The S&P500 has declined for three weeks in a row. Last week’s drop, although nothing serious, was 0.3%. Volume was not heavy; it was as if investors and traders were looking for direction. Volatility and skew both edged up slightly, meaning that players are starting to worry more about downside risk.
The economic results were bad and recently, getting much worse. The Empire State survey collapsed by 50%, when it was projected to stay almost unchanged. Housing starts plunged; they were expected to rise. Existing home sales fell markedly; they were expected to rise. It’s now commonly accepted by all (except real estate professionals who never admit to a down market) that housing is double-dipping. And if these figures keep up, housing will be in a state of collapse. Industrial production plunged. Jobless claims were again in the 400,000 range. The Philly Fed survey also collapsed; instead of rising to 23 as expected, it fell to 3.9. Finally, the leading indicators printed a negative number, for the first time since October 2010.

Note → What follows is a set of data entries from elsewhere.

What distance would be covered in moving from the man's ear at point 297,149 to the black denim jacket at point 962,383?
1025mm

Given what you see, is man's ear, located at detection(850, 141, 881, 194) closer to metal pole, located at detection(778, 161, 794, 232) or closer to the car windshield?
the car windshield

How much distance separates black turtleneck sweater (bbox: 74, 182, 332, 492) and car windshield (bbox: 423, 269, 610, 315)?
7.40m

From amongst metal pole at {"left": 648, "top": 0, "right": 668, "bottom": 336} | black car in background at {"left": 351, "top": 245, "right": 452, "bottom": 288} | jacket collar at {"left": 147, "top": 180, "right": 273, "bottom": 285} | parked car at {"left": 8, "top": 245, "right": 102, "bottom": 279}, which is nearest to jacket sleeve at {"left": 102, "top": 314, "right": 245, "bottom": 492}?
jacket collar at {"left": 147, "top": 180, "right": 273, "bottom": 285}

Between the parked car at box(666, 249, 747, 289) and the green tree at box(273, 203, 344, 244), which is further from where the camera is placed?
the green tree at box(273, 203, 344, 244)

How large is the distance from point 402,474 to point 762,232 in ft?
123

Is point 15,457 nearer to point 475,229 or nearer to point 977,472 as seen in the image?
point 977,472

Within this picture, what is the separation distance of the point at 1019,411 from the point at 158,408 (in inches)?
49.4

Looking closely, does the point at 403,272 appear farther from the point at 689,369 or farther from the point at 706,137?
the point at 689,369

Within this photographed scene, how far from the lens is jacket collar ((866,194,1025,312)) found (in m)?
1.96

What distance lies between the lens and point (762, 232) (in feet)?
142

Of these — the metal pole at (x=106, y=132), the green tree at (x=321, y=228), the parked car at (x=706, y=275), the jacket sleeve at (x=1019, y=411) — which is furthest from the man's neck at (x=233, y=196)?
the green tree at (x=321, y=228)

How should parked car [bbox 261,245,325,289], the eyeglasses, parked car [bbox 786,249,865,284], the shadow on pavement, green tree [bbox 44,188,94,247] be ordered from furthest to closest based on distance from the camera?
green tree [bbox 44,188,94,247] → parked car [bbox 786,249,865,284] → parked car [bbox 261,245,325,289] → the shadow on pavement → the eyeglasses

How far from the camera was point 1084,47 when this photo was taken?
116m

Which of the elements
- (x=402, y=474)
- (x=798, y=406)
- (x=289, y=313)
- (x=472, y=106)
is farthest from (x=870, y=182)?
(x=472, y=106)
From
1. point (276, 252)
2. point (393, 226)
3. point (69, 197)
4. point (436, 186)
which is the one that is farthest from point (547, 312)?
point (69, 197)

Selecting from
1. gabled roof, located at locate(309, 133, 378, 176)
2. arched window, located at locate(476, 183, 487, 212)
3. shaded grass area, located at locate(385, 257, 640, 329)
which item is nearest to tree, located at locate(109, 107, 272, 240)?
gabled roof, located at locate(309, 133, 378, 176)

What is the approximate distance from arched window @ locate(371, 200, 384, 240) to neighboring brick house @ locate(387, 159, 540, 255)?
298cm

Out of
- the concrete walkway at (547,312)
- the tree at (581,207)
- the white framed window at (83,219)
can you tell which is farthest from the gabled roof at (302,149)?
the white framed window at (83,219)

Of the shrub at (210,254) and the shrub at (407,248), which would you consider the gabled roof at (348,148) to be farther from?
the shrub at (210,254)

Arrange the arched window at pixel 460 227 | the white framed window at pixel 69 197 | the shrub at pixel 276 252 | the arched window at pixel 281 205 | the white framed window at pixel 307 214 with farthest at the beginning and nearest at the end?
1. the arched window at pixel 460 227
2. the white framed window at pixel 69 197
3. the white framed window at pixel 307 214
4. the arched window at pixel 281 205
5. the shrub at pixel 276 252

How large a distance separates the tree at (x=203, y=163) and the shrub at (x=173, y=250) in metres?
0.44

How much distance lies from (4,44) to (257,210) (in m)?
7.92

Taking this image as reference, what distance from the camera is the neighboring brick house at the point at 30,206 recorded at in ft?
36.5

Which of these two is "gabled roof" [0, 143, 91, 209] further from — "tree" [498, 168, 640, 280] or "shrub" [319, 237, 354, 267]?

Technically, the three month uptrend is breaking and a new short-term (three week) downtrend has begun. If the S&P breaks decisively below support at 1325 (its 50 day moving average), then a lot of technical selling could begin. If so, the next area of support could be at 1250, which was the March 11 low resulting from the Japanese earthquake. If that doesn’t hold, then the 200 day moving average is down further at about 1238.
What most analysts are starting to debate right now is whether the two year cyclical bull market and the two year economic recovery are in jeopardy. If so, then we should all be prepared for a strong market correction, before the markets consolidate and form a base, at which time we can jump back in and enjoy another merry bull market.
This is an argument about the market and economic cycle. It’s normal to have it, and in almost any other time, this would be the most important investment timing debate to have.
But what if investors are missing something? What if there’s something deeper, something secular, that underlies the debate about cycles? What if the cyclical bull market was actually built on a foundation of sand? And to add insult to injury, what if the cyclical bull market itself was a house of cards…….sitting on a foundation of sand?
If the underlying rot, the root cancer, that led to the 2008-2009 market and economic collapse has not been fixed, then the foundation is not at all firm. It will give way. The question is only when.
And since the central part of the root cancer—the global debt bubble relative to GDP and the financial fraud that helped blow this debt bubble—is still spreading, then the foundation is in fact NOTHING more than a mirage. It will not hold.
The cyclical bull market and the so-called economic recovery are also fragile, at best. At worst, they are a mirage……a house of cards. Why? Because they were engineered by the Federal Reserve (through its money creation program) and the cooperation of the Treasury and Congress (which spent and borrowed over 10% of GDP for the last tow years). This house of cards will collapse simply because the government cannot continue spending (and printing) over 10% of GDP indefinitely….without a catastrophic blow-back. The question is only when.
So today, the economic house of cards is starting to wobble. The markets, in turn, are also starting to quiver. If these two entities do crumble, then we should really worry.
Because there is almost zero chance that the foundation of sand—on which they’re built—will hold.